I’ve been running into some problems while attempting to update from Zammad 6.3.x to Zammad 6.5, and I’ve realised the documentation for updating source installations is missing some important information I think, such as how to copy over the configuration from the existing installation as copying the whole config directory I found doesn’t work. I’ve also had all sorts of fun with installing Vite and trying to successfully complete a rake assets:precompile. I can’t see any documentation on Vite in the Zammad doco’s, but I found I had to manually installing it. The steps documented in this post so far seem to be the best: [Zammad 6.5 per Source - Update] No Users in View - Technical assistance - Zammad - Community
This brings to where I’m up to, which is stuck on rake assets:precompile. When running, it seems to get stuck in a loop repeating the “Building with Vite” step until everything locks up because I’ve run out of memory or the CPU is completely pegged while flogging the swap file. See screenshot below.
If someone can give me some guidance here, that’d be appreciated. I’ll keep at it in the meantime and will be sure to post back with how I’ve fixed it if I manage to get that far.
So, turns out the zip files under https://ftp.zammad.com/ don’t contain any dot-prefixed hidden files or directories. The red-highlighted error regarding missing “.eslist-plugin-zammad” in the above screenshot was somewhat of a clue. That needs to be looked into and remedied as that’s bound to trip up others.
I think my other Vite-related issues were because I didn’t have pnpm installed before running bundle install. So I think I’m all good, but the documentation for updating/upgrading source installations does need to be improved.
I’ll now take the opportunity to migrate to Postgres.
I think for me it’s maybe an issue of control and/or understanding when it comes to troubleshooting.

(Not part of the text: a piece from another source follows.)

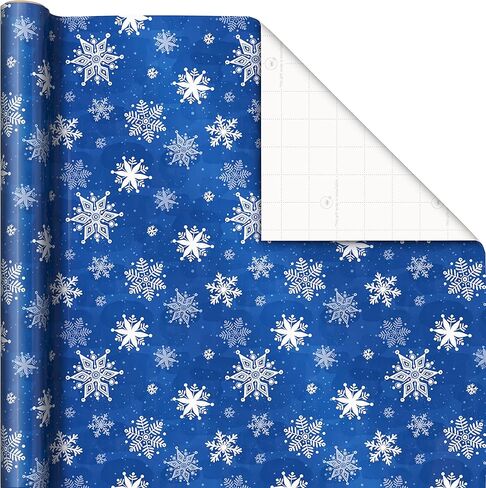 ورق تغليف عطلة الشتاء المميز مع خطوط مقطوعة على الجانب الخلفي (3 لفات: 120 قدم مربع إجمالي) الغزلان والأشجار، منقوشة باللونين الأزرق والأبيض، ورقاقات الثلج لعيد الميلاد، وحفلات الزفاف، وأعياد الميلاد، والانقلاب الشتوي in Kuwait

Using the system package manager is not an attractive option unless I had Zammad running on its own VM. Right now, it’s on a server with other Ruby web apps sometimes on its own Nginx instance, sometimes sharing depending on the Ruby version dependency.
I should look more into docker, but Zammad is the only application that we’d see any benefit from running that way, so we’d have to make that investment solely for the purpose of running Zammad. Maybe the day we move Zammad from on-prem to cloud-hosted that’d make more sense where the Docker infrastructure already exists.
Source installation has generally worked very well for us given we already run other ruby web apps as mentioned. This latest update going from Zammad 6.0 to 6.5 has given me the most grief but only because of the somewhat lacking source install/update documentation and the issue with the zip files, otherwise it would have been relatively straight forward.